Reflecting higher Iron Ore prices and the prospect of increased Chinese infrastructure spending to stimulate their economy, Rio Tinto (+17%) and Blackrock World Mining (+9%) performed strongly as did certain companies which have felt the impact of Covid-19 most acutely but where restrictions look set to ease. Whilst Shoezone (+23%), Easyjet (+13%), Bakkavor (+13%), and Sthree (+9%) rose, it was notable that such performance was not uniform. Certain Property holdings and Financials positions fell despite the improvement in lockdown restrictions. U&I (-15%), NewRiver Reit (-20%) and Palace Capital (-7%) have all suffered from reduced rental income as retail clients withhold rent whilst unable to trade. Material discounts to net asset values already appear to reflect this, however, and it is interesting to note a pick-up in corporate activity post month end in advance of shops reopening for business.
With regards to transactions during the month, we have remained focussed on our twin objectives of trying to replenish lost income as a result of announced dividend cuts whilst not sacrificing the prospect of capital upside.

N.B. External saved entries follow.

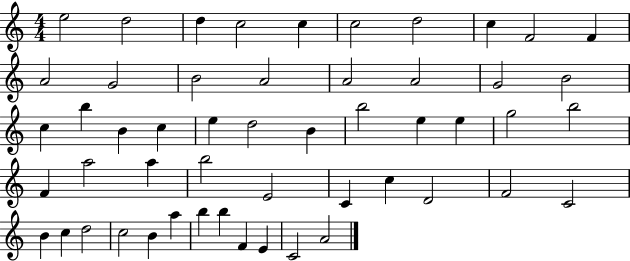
E5/h D5/h D5/q C5/h C5/q C5/h D5/h C5/q F4/h F4/q A4/h G4/h B4/h A4/h A4/h A4/h G4/h B4/h C5/q B5/q B4/q C5/q E5/q D5/h B4/q B5/h E5/q E5/q G5/h B5/h F4/q A5/h A5/q B5/h E4/h C4/q C5/q D4/h F4/h C4/h B4/q C5/q D5/h C5/h B4/q A5/q B5/q B5/q F4/q E4/q C4/h A4/h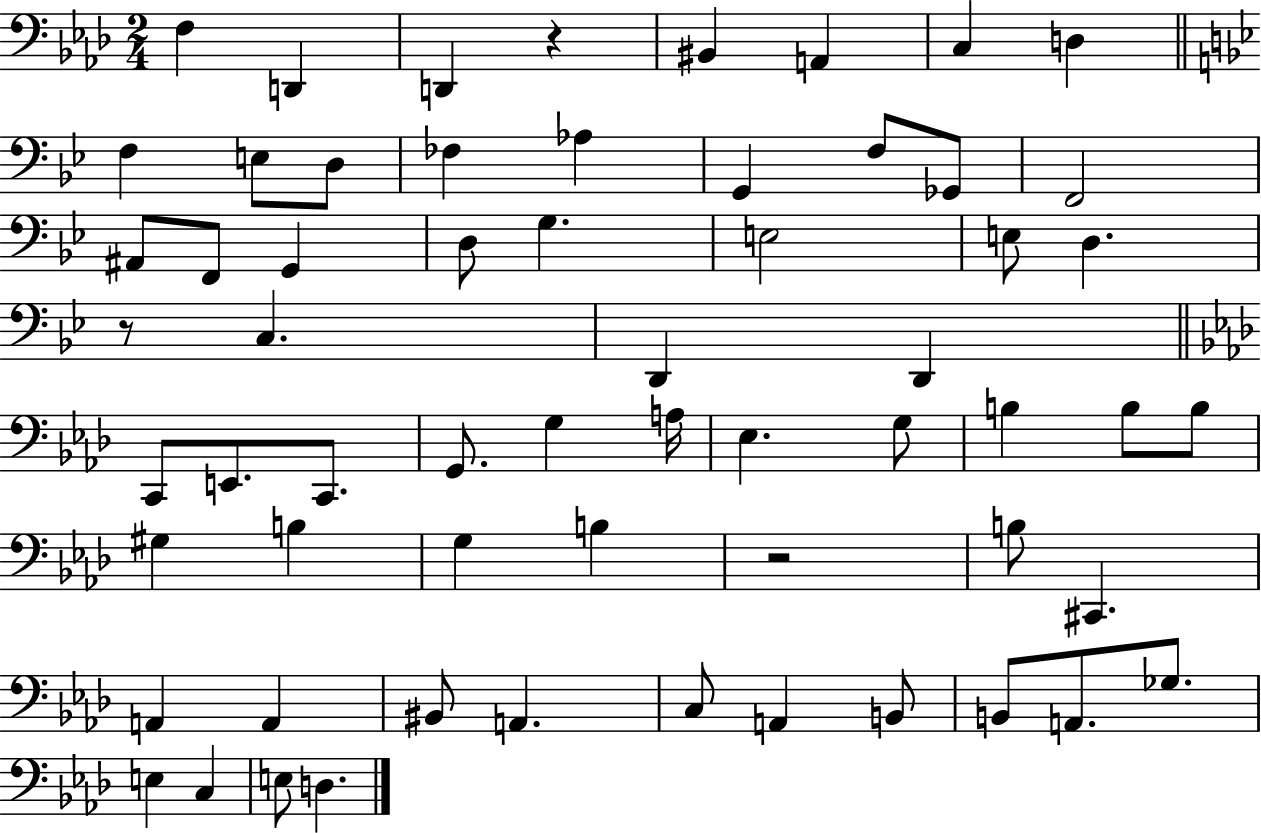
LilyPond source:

{
  \clef bass
  \numericTimeSignature
  \time 2/4
  \key aes \major
  \repeat volta 2 { f4 d,4 | d,4 r4 | bis,4 a,4 | c4 d4 | \break \bar "||" \break \key bes \major f4 e8 d8 | fes4 aes4 | g,4 f8 ges,8 | f,2 | \break ais,8 f,8 g,4 | d8 g4. | e2 | e8 d4. | \break r8 c4. | d,4 d,4 | \bar "||" \break \key f \minor c,8 e,8. c,8. | g,8. g4 a16 | ees4. g8 | b4 b8 b8 | \break gis4 b4 | g4 b4 | r2 | b8 cis,4. | \break a,4 a,4 | bis,8 a,4. | c8 a,4 b,8 | b,8 a,8. ges8. | \break e4 c4 | e8 d4. | } \bar "|."
}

We have sold our holdings in BT, Lookers and Photo-me where we have reduced conviction in the medium term investment case and have increased our holdings in funds, such as Aberdeen Asian Income, Middlefield Canadian Income, Ecofin Global Utilities and Infrastructure and European Assets Trust, where we have been encouraged by recent commitments to paying dividends. We have added to British Land and Taylor Wimpey where we believe a material valuation opportunity warrants further investment despite dividends being currently suspended. We expect both companies to be early returners to the dividend list. Finally, we added a corporate bond investment in the Provident Financial 7% 2023 corporate bond. We understand the credit well as we already have a holding in the equity and believe the yield of 10% on purchase provides a highly attractive annual coupon whilst a redemption at par in 3 years’ time would provide further capital upside of 21%.